I want to be an ARM reverse engineer


Aka, how I can name my self a semi-good reverse engineer from a 5 years experienced Android developer to an (android_system_knowledge++, cracking++, static_analysis++, brain++, travels_around_the_world++, awesome_people_meet++, ecc++).

Hello!!! I’m writing this blog article to help all the guys in secRet community to start their journey into reverse engineering and cracking, eventually exploitation, malware analysis and whatever they like more.

This is meant to highlight all the fail I did, in order to speed up the learning process.

We start by the fact that when I started:

  • I never saw a line of ARM
  • I never attached nor used nor known GDB
  • I never used frida nor known frida (nor the difference between dynamic instrumentation and debugging)
  • Poor C and py knowledge but quite good JAVA and general OOP (If that matter, I’m now at the 17th place py developer in italy (source: git-awards.something))
  • All the things that are consequence of what said (never knew IDA, Binja etc)

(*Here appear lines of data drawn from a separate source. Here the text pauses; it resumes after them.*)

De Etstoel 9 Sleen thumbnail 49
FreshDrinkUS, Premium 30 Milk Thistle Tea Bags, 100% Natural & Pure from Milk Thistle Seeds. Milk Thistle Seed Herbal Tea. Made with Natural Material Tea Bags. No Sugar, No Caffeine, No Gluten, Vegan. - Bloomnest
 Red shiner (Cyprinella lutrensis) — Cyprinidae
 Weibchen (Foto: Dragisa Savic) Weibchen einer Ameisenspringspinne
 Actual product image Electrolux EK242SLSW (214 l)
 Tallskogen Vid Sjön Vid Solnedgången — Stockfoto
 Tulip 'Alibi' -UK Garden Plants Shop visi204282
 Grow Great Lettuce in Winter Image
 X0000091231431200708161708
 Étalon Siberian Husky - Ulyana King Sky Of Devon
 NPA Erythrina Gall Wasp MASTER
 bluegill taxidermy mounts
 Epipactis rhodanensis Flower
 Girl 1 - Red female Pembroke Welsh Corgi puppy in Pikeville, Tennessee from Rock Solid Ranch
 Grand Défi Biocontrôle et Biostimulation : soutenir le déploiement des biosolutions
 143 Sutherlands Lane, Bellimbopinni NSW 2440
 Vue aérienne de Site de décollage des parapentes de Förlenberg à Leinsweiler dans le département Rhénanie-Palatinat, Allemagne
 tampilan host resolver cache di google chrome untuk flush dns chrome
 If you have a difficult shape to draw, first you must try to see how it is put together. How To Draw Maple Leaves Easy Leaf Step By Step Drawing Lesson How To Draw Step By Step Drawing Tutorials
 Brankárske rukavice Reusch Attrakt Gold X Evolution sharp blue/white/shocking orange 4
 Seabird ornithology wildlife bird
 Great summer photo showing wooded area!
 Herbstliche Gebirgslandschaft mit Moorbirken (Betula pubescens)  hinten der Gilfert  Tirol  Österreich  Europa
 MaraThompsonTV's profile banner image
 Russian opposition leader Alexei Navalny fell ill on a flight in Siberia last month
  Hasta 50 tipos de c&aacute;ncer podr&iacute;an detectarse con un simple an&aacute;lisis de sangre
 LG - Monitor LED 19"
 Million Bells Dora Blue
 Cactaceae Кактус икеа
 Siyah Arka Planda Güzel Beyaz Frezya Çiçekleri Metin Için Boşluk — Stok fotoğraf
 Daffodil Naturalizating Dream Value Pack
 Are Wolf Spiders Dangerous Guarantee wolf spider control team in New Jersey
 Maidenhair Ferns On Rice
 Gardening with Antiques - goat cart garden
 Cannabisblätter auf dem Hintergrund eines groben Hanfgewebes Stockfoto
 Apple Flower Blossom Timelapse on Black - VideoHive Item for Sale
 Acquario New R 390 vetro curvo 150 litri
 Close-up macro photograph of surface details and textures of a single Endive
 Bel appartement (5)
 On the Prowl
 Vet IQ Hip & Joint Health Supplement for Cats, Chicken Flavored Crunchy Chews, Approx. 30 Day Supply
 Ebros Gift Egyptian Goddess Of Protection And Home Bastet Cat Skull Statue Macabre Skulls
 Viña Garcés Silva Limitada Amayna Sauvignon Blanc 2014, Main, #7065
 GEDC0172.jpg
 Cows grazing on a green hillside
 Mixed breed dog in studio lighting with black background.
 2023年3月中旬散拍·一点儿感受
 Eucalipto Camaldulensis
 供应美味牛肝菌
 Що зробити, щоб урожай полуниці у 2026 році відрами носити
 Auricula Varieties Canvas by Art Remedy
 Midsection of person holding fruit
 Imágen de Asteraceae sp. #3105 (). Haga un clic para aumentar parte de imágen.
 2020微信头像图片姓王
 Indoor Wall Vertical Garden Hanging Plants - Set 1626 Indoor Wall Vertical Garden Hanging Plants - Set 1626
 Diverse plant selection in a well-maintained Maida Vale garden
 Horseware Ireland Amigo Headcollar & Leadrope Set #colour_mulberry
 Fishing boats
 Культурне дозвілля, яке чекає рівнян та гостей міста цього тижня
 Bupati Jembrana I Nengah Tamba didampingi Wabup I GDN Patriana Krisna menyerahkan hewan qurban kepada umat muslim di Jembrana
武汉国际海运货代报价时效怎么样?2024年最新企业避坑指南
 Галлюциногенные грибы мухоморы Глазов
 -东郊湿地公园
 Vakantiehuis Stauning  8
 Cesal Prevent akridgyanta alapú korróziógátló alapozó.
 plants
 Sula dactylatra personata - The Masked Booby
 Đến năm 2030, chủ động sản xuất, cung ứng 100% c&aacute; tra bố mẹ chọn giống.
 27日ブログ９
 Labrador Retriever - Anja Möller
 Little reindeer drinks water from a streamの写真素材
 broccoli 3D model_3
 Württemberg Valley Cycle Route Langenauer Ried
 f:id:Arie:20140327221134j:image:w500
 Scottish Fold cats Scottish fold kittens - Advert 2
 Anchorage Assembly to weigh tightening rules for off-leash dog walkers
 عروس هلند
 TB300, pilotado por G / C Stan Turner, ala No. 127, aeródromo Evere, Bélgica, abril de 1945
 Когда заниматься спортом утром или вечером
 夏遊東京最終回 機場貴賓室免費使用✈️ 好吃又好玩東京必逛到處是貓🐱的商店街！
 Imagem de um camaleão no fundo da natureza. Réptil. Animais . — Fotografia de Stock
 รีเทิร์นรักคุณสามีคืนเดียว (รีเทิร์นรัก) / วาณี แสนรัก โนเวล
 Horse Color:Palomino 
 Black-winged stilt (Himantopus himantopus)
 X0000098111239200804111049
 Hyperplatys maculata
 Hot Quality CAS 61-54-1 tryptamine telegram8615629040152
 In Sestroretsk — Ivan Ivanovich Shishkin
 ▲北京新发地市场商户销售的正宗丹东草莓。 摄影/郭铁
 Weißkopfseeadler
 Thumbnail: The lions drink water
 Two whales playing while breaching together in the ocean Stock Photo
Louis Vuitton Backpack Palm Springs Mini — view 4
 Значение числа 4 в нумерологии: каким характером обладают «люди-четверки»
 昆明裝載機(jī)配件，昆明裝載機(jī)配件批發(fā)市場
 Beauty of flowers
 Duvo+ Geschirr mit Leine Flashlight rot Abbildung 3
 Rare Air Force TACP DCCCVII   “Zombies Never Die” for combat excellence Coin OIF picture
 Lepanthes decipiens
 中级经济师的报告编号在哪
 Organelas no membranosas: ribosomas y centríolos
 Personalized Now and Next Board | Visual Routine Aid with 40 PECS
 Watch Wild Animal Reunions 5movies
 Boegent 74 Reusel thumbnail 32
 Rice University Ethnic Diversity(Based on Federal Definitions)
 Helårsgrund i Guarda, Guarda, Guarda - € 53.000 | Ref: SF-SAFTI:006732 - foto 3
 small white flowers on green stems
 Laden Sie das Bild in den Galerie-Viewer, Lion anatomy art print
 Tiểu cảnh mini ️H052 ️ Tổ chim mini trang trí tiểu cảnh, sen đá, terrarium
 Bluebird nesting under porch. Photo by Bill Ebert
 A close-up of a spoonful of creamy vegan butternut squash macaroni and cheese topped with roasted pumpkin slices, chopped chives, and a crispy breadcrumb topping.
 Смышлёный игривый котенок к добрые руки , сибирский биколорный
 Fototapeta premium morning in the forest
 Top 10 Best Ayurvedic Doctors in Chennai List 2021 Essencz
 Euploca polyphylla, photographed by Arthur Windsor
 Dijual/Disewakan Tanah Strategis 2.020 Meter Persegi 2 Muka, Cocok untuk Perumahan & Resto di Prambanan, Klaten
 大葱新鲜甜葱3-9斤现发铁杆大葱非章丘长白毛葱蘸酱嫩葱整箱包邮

some awards achieved 2/3/4 years later, what I think deserve to be said

  • someone around the world believe i’ve something good to say so they invite me for a beer and a speech
  • i’ve met/i’m about to meet lot of friends, best researches from all around the world (Thanks NowSecure)
  • i’ve got a stable and awesome job position
  • i’ve coded a debugger (most of the job is thanks to open sources project – frida, capstone etc) but the core logic of the “tricks” used to achieve breakpoints, watchpoints, emulation with automatically maps from target etc makes me really proud of it
  • i read ASM, hex, binary (wip.. it’s crap hard eh)
  • i can debug with gdb, understand crashes and eventually exploit them in whatever ring
  • i can use frida pretty good
  • i can port any arm 32/64 x86/64 asm to whatever other language
  • i’ve cracked arxan (used on games, banking – gambling – general apps with money involved), tencent, Supercell, TikTok and less protected/populars.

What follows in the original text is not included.